Иронически цитируя строку Вольтера: «Мои преступления – это ваши преступления, и вы меня за них наказываете», Гурвиц относил их к антиеврейским полемистам: «Они преувеличивают малейшие проступки евреев и обвиняют в них весь народ; к тому же они выдают следствия за причины; они говорят, что евреи заслуживают быть угнетенными, потому что они ростовщики и мошенники, вместо того чтобы сказать, что они ростовщики и мошенники, потому что их угнетают и им запрещено заниматься всеми законными профессиями». От евреев он переходил к иудейскому учению, проводя различие между «филантропией» и не слишком щепетильными выводами на основе «мести и отчаяния», которые извлекали из учения не слишком образованные раввины. Будучи и сам сыном раввина, он обсуждал эти вопросы со знанием дела.
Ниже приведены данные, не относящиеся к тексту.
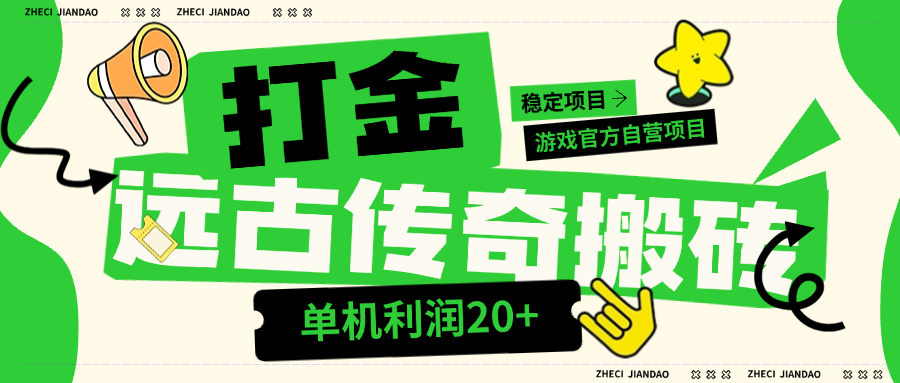 【高端精品】外面收費688的遠古沉默全自動掛機打金項目，包回收，單窗口利潤20+左右【掛機腳本+詳細教程】 【高端精品】外面收費688的遠古沉默全自動掛機打金項目，包回收，單窗口利潤20+左右【掛機腳本+詳細教程】 工具軟件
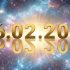 26.02.2026 – самая мощная зеркальная дата года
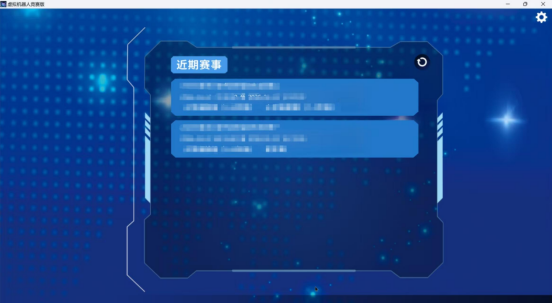 2026數(shù)字中國(guó)創(chuàng)新大賽青少年AI機(jī)器人賽道福州市選拔賽 虛擬機(jī)器人比賽激活碼領(lǐng)取方式及注意事項(xiàng)的通知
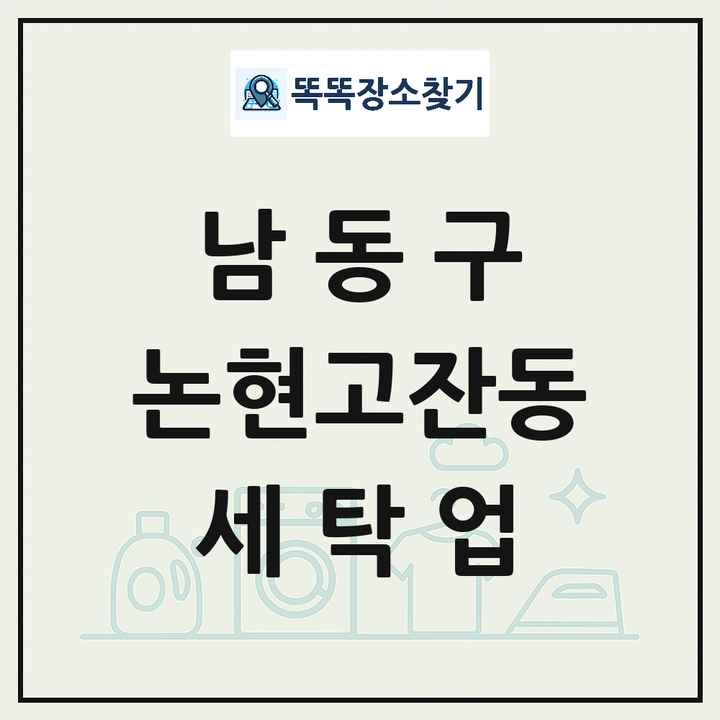 인천광역시 남동구 논현고잔동 세탁소 빨래방 세탁업 목록 및 상세정보 썸네일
Попутно он обратился к королевскому правительству с заявлением, в котором констатировалось:
«Ложь, распространяемая по повода евреев, дает мощное оружие в руки пирронистов и атеистов. (Пиррон – древнегреческий философ, основатель школы скептицизма. – Прим. ред. ) В самом деле, какой веры может заслуживать история в целом и, особенно, библейская история, т. е. история евреев древности, если правительство поощряет столько клеветы против Библии и столько бессмысленных выдумок по адресу современных евреев, одобряет цинизм, с которым их выдают за народ пигмеев с косыми глазами и ограниченным умом… »
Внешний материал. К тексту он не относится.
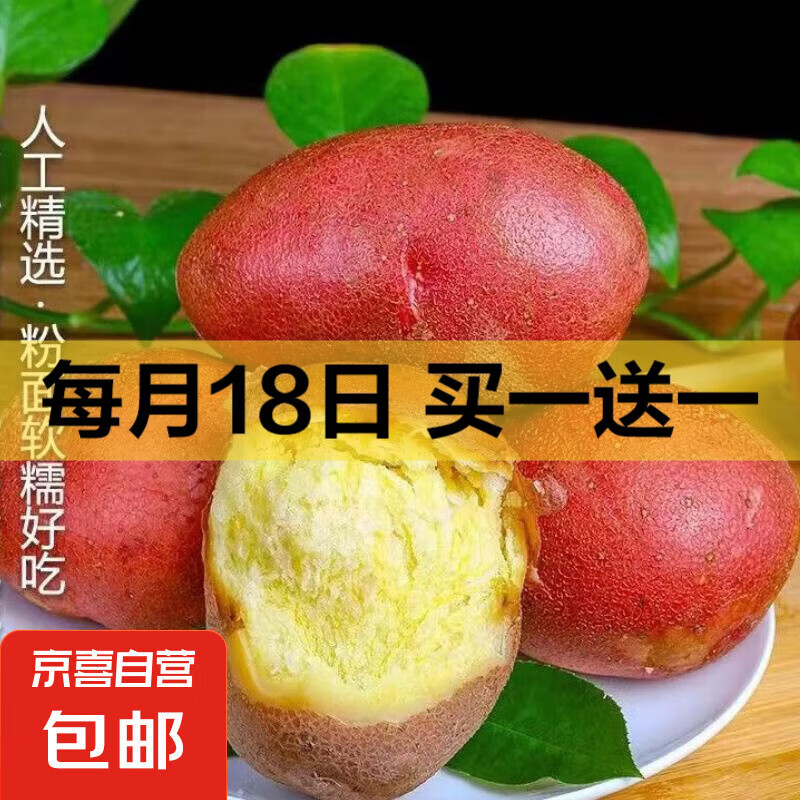 ��Ƥ���� 2�����150g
Автор этой апологии доказывал также, что за стенами гетто культивировались свои представления о чести, совсем как в парижских салонах:
«Мне остается ответить на третий упрек, адресованный евреям, а именно отсутствие у них честолюбия и полное безразличие к вопросам чести и к оскорблениям. Этот упрек совершенно лишен смысла – достойные люди пользуются уважением, бесчестных и невежественных презирают среди евреев точно так же, как и среди других народов. У них также проводятся диспуты в синагогах; их мудрецы не становятся хуже оттого, что не носят квадратных шляп; среди них также есть такие, кто не согласен занимать второе место в общине, подобно Цезарю в Риме. Если это честолюбие не приводит их к настоящей славе, то только потому, что угнетенное положение закрывает им этот путь… »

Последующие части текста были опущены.